If you’re coming to the West Coast to take part in our official state sport, we have the best surfing in California. Dana Point surf spots offer everything from the perfect waves for beginners at Doheny State Beach to rad breaks at Strands.
Located right off of the Pacific Coast Highway, only 10 minutes from Laguna Beach, Doheny State Beach is iconic for being the best place to learn how to surf in California. First timers and up and coming wave riders can find fun in the slow rolling waves of the inside. Known as the Boneyard, the friendly waves welcome visitors to experience California surf culture and hang loose.

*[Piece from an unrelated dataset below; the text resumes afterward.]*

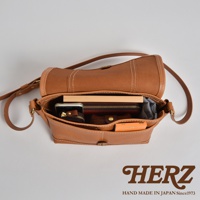 職人手作皮革復古郵差包，採用淺棕色皮革製作，包身線條簡潔。包內可見手機、錢包、書本等物品，整體呈現自然復古風格。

Girl in the Curl offers surf lessons with expert instruction at Doheny Beach year-round. All their instructors are trained in CPR, First Aid and water safety. They are ready to help you learn to surf and fall in love with our favorite sport. Pro-tip: If you want to sound like a local, be sure to refer to this beach as “Doho.”Set up a Dana Point surfing lesson today by calling or checking out Girl in the Curl surf shop’s page.
Killer Dana Surf Shop is another local surf shop named after the famous Surf Break offers shuttle services to and from Baby Beach and Doheny State Beach with rentals for stand-up paddleboards, surfboards, wetsuits, beach chairs, umbrellas, and much more! No need to pack for your beach adventure.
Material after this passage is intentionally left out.